## DIRECTIONS FOR THIS TASK
In the listing that follows, find the line with "Julhälsningskort med Golden", then copy exactly from it through the line with "Watercolor map of", leaving out every picture.

## TASK INPUTS

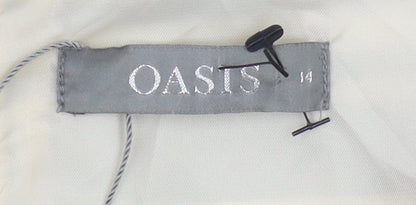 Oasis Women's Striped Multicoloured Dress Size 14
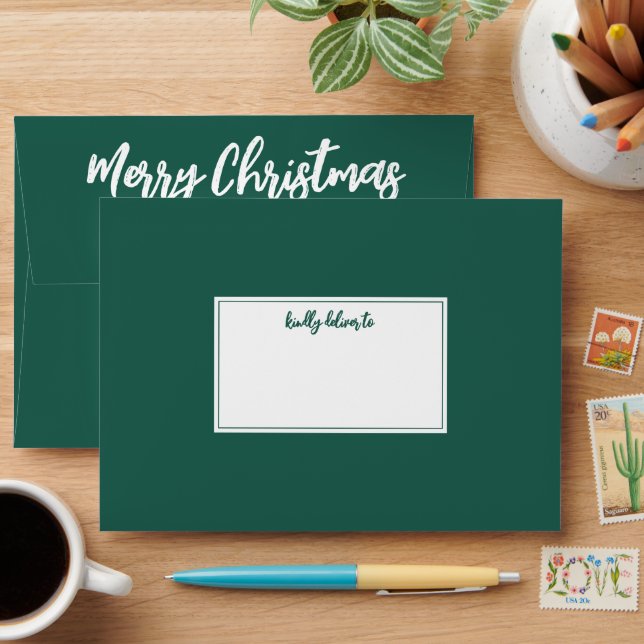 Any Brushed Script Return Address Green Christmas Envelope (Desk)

--

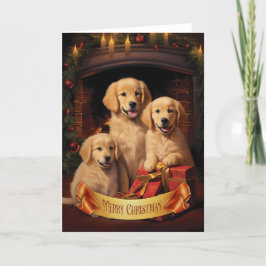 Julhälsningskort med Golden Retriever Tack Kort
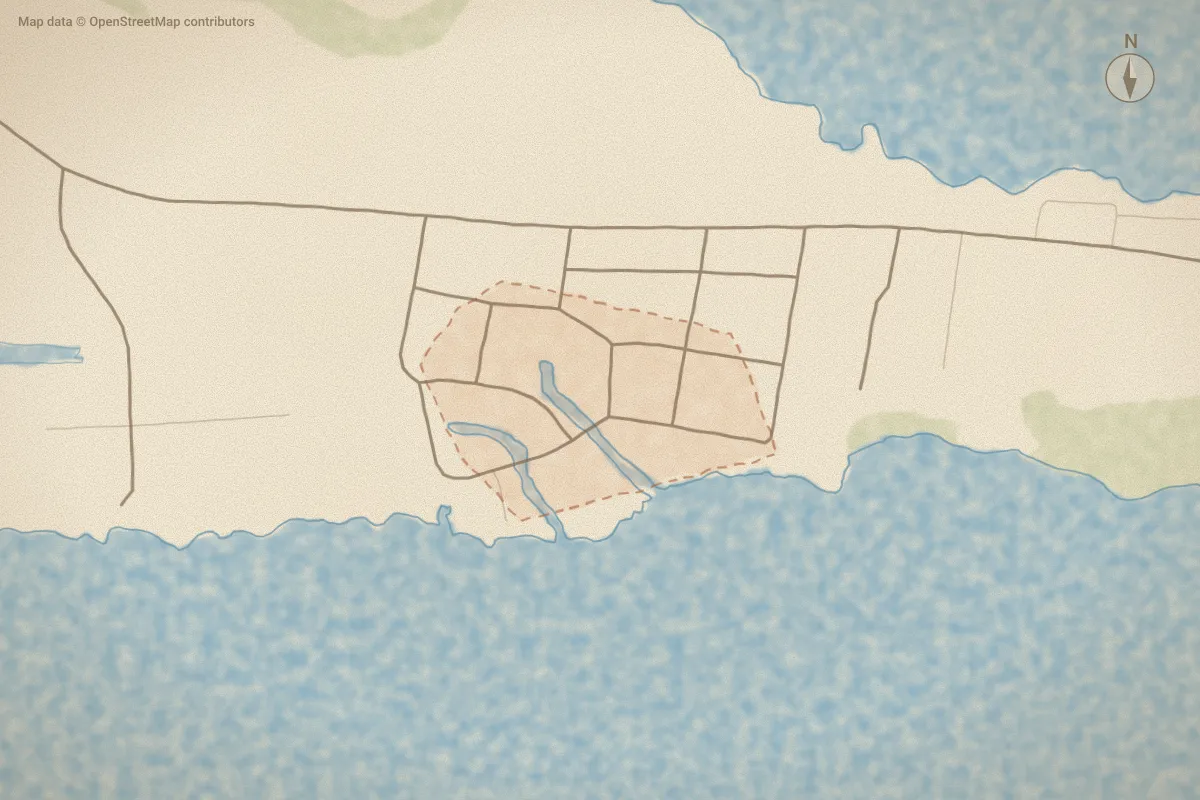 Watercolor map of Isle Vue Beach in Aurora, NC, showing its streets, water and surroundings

## RESPONSE TO THE TASK
 Julhälsningskort med Golden Retriever Tack Kort
 Watercolor map of Isle Vue Beach in Aurora, NC, showing its streets, water and surroundings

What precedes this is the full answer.